[Collected data]
☆ ☆ ☆

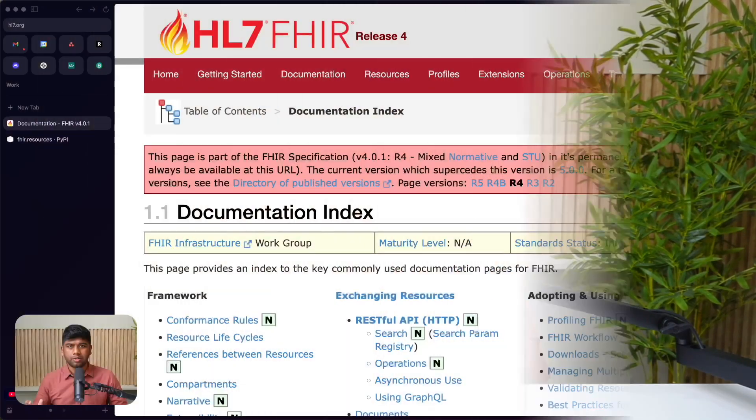Hello there. So you know Python, but you're new to FHIR, or Fast Healthcare Interoperability Resources. In this video, we are going to explore what FHIR is and how you can use Python to interact with FHIR resources.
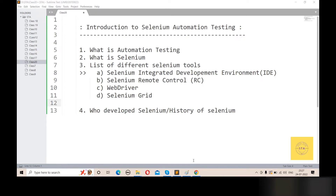The first is Selenium IDE — Selenium Integrated Development Environment. The second is Selenium Remote Control, also called Selenium RC. The third is WebDriver. The fourth is Selenium Grid.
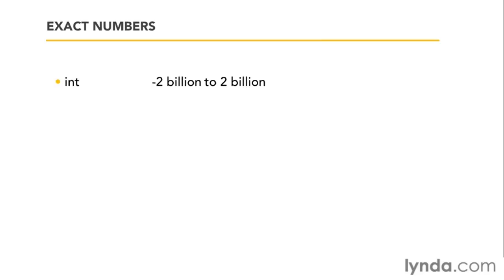Next up, we have numeric data types. Let's start with the exact numbers. We have the classic int or integer storing whole numbers from roughly negative 2 billion to plus 2 billion. Nothing after the decimal point. They're always whole numbers.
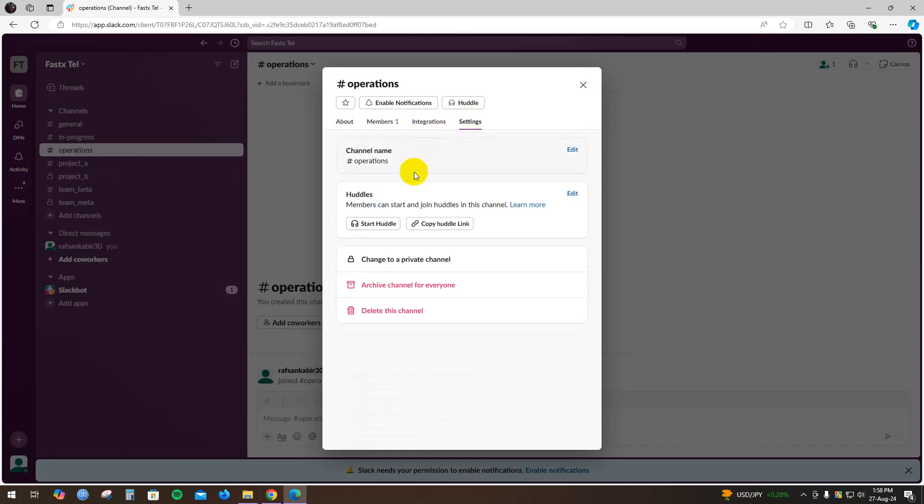Click on it and you will find these three options: delete this channel, archive channel for everyone, or change to a private channel. If you want to hide this channel, all you have to do is archive channel for everyone.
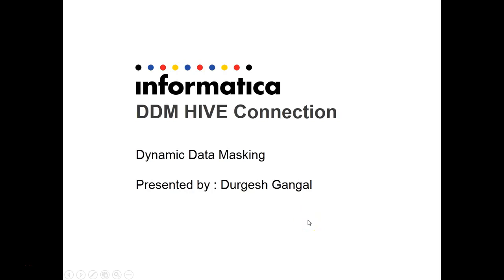Hi everyone, this is Durgesh from Informatica, Global Customs Pod. Today I am going to explain about DDM Hive Connection and how to configure it.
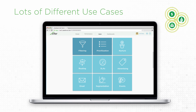Filtering and prioritization are the two use cases that many companies start with, but there are lots of ways to apply the scores. You can identify good leads and nurture, optimize your ad spend, or personalize your campaigns.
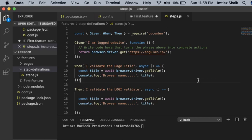This is how we implement the step file, and we have configured it in VS Code. In the next video, we are going to talk about the conf.js file. The conf.js file is like a runner file where we give the location of the step file, the location of the feature file, which browser to open, and all other details. Please subscribe to my channel — see you in the next video, thank you.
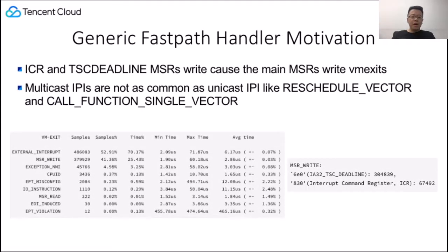ICR and the TSC deadline MSR writes cause the majority of MSR write VM exits in cloud environment observations. Multicast IPIs are not as common as unicast IPIs, like reschedule vector and call function single vector.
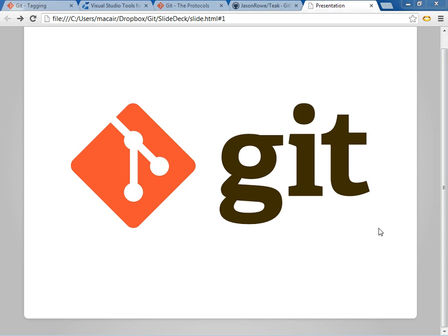Hello, my name is Jason Rowe, and this is a brief video on getting started with Git, sort of an introduction using the Visual Studio 2012 plugin that was just announced recently.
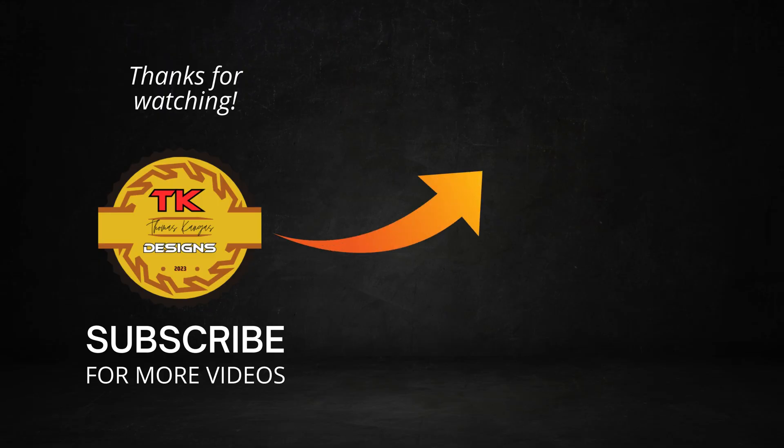Thanks for watching and don't forget to smash that like and subscribe button. Here's some other videos I think you'll enjoy. Feel free to leave comments too. See you next time.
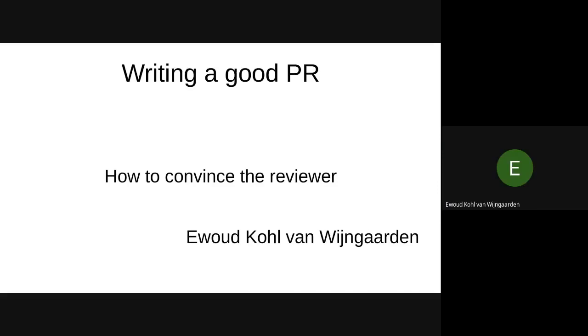So I think it's recording now. Yeah, there we go. Okay, I'm trying to convince you how to write good PR. And I think writing good PR is mainly about convincing the reviewer. So that's the subtitle.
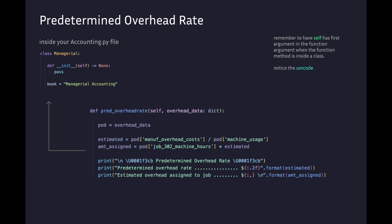The estimated variable is manufacture overhead costs divided by machine usage. The amount_assigned variable is the specific job number assigned to a job and its dedicated machine working hours.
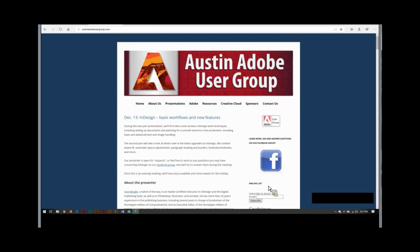My background is from newspaper production and design. I was working for Computer World Norway for many, many years. My main line of work now is being a course instructor. I'm a certified Adobe instructor in InDesign, Photoshop, Illustrator, and Acrobat.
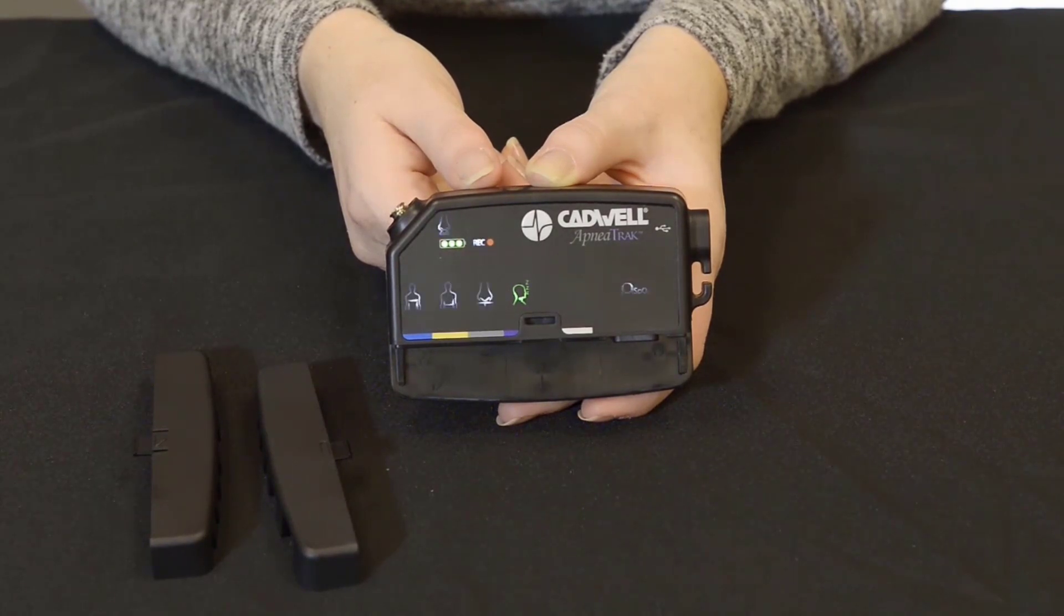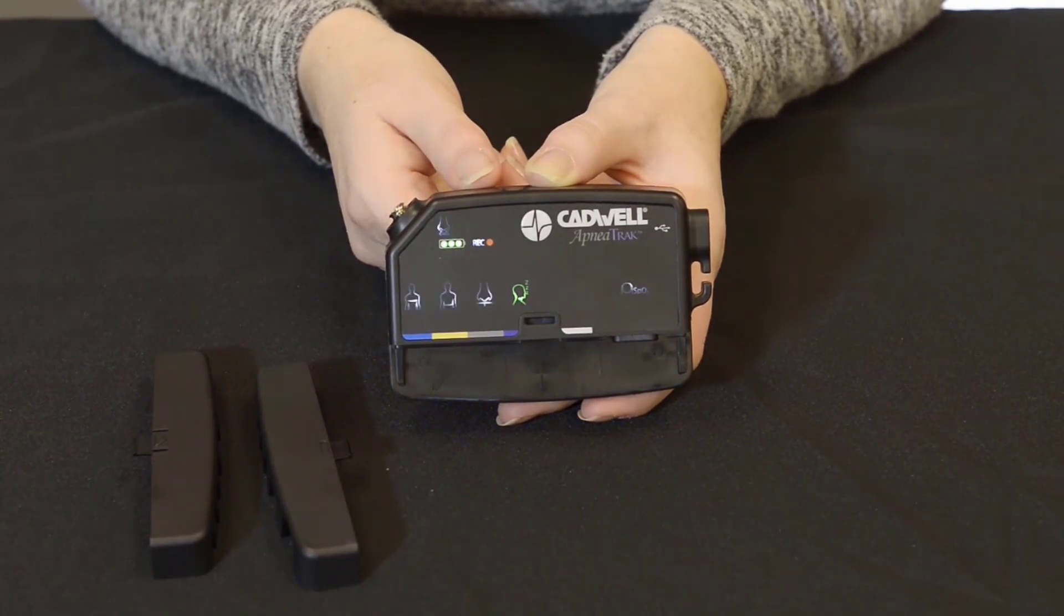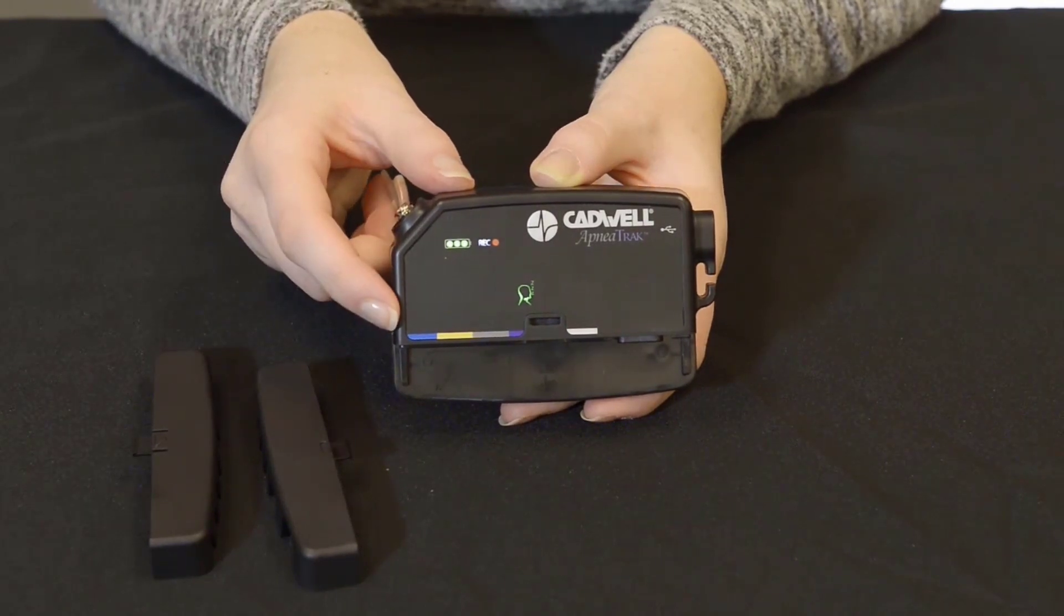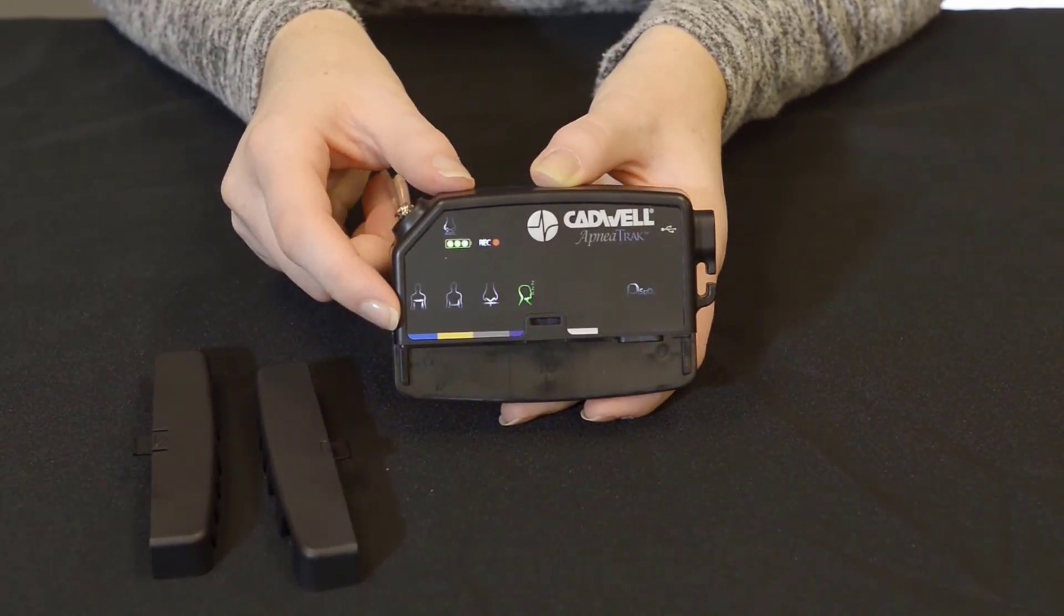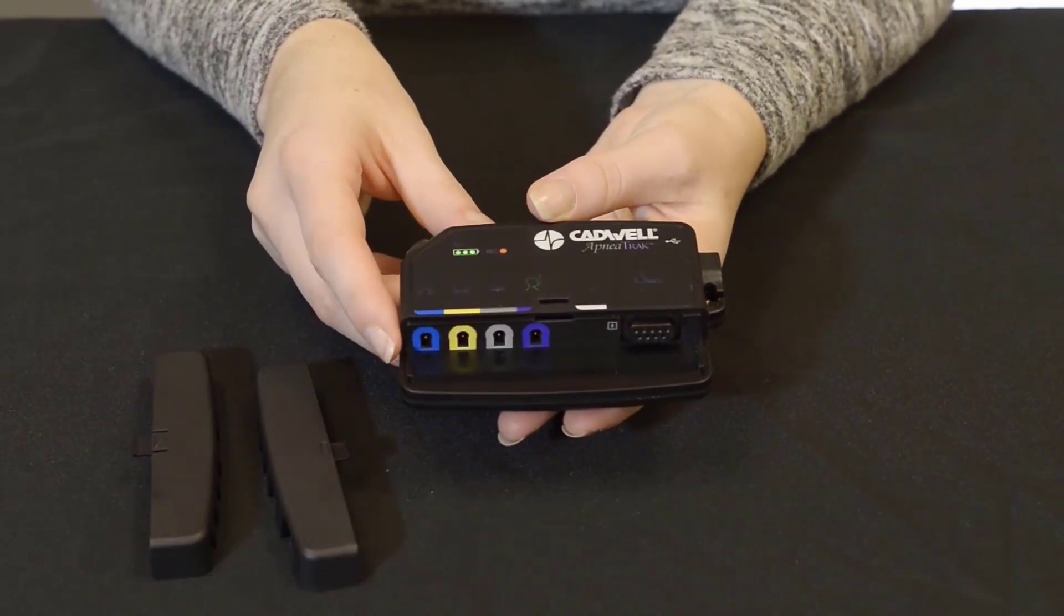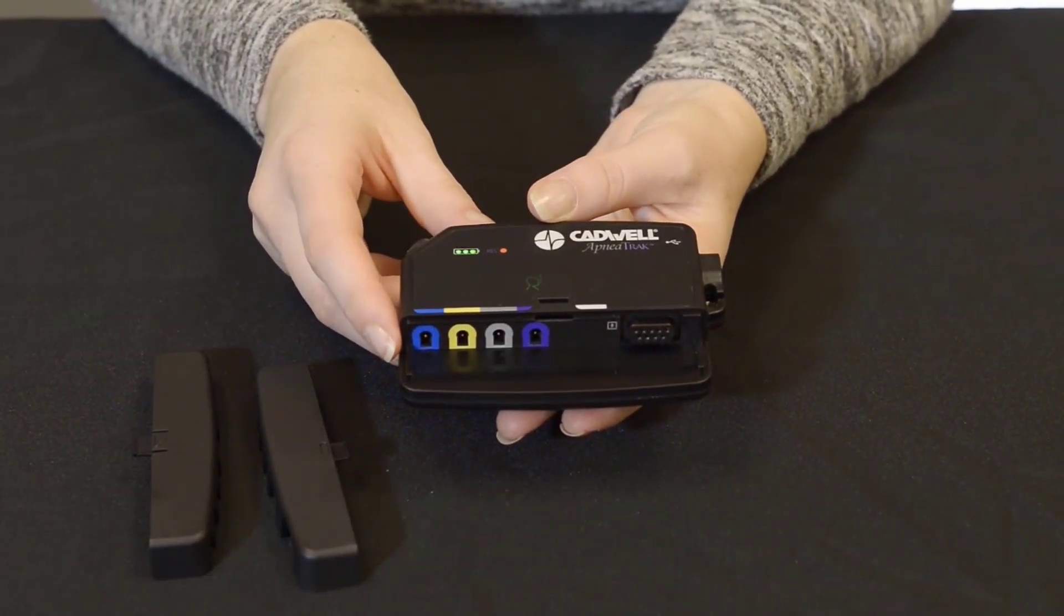The lights for the different signals use anatomical images to help indicate what the connectors are for. The inputs on the device are color coded to match the connectors for each sensor type.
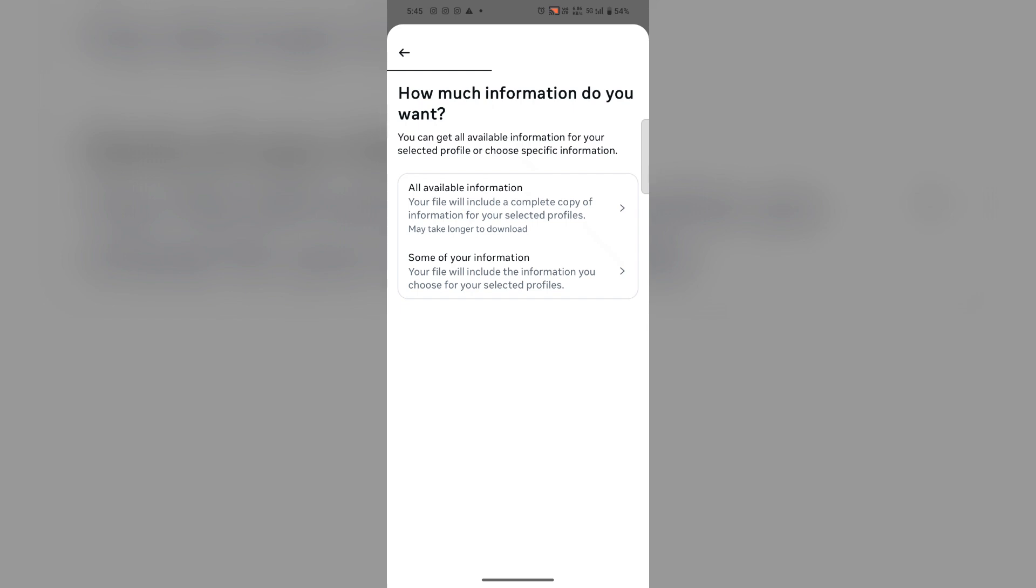Here you have two options: downloading all available information or some of your information. I will go with Some of Your Information.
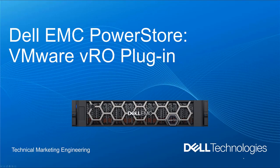Hello and welcome. In this video, we're going to go over Dell EMC PowerStore VMware vRO plugin.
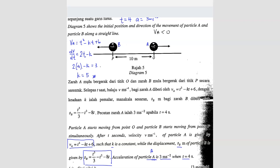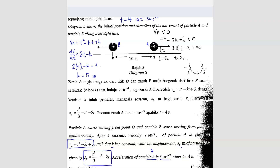We already found k equals 5, so t squared minus 5t plus 6 is less than 0. Factorizing and setting equal to zero first, we get t minus 2 times t minus 3 equals 0, so t equals 2 seconds and t equals 3 seconds. Since we need the expression to be less than zero, the answer is 2 seconds less than t less than 3 seconds.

☆ ☆ ☆

Transcribe all data precisely. Pictures are not copied.

Hello there. So you know Python, but you're new to FHIR, or Fast Healthcare Interoperability Resources. In this video, we are going to explore what FHIR is and how you can use Python to interact with FHIR resources.
The first is Selenium IDE — Selenium Integrated Development Environment. The second is Selenium Remote Control, also called Selenium RC. The third is WebDriver. The fourth is Selenium Grid.
Next up, we have numeric data types. Let's start with the exact numbers. We have the classic int or integer storing whole numbers from roughly negative 2 billion to plus 2 billion. Nothing after the decimal point. They're always whole numbers.
Click on it and you will find these three options: delete this channel, archive channel for everyone, or change to a private channel. If you want to hide this channel, all you have to do is archive channel for everyone.
Hi everyone, this is Durgesh from Informatica, Global Customs Pod. Today I am going to explain about DDM Hive Connection and how to configure it.
Filtering and prioritization are the two use cases that many companies start with, but there are lots of ways to apply the scores. You can identify good leads and nurture, optimize your ad spend, or personalize your campaigns.
This is how we implement the step file, and we have configured it in VS Code. In the next video, we are going to talk about the conf.js file. The conf.js file is like a runner file where we give the location of the step file, the location of the feature file, which browser to open, and all other details. Please subscribe to my channel — see you in the next video, thank you.
ICR and the TSC deadline MSR writes cause the majority of MSR write VM exits in cloud environment observations. Multicast IPIs are not as common as unicast IPIs, like reschedule vector and call function single vector.
Hello, my name is Jason Rowe, and this is a brief video on getting started with Git, sort of an introduction using the Visual Studio 2012 plugin that was just announced recently.
Thanks for watching and don't forget to smash that like and subscribe button. Here's some other videos I think you'll enjoy. Feel free to leave comments too. See you next time.
So I think it's recording now. Yeah, there we go. Okay, I'm trying to convince you how to write good PR. And I think writing good PR is mainly about convincing the reviewer. So that's the subtitle.
The estimated variable is manufacture overhead costs divided by machine usage. The amount_assigned variable is the specific job number assigned to a job and its dedicated machine working hours.
My background is from newspaper production and design. I was working for Computer World Norway for many, many years. My main line of work now is being a course instructor. I'm a certified Adobe instructor in InDesign, Photoshop, Illustrator, and Acrobat.
The lights for the different signals use anatomical images to help indicate what the connectors are for. The inputs on the device are color coded to match the connectors for each sensor type.
Here you have two options: downloading all available information or some of your information. I will go with Some of Your Information.
Hello and welcome. In this video, we're going to go over Dell EMC PowerStore VMware vRO plugin.
We already found k equals 5, so t squared minus 5t plus 6 is less than 0. Factorizing and setting equal to zero first, we get t minus 2 times t minus 3 equals 0, so t equals 2 seconds and t equals 3 seconds. Since we need the expression to be less than zero, the answer is 2 seconds less than t less than 3 seconds.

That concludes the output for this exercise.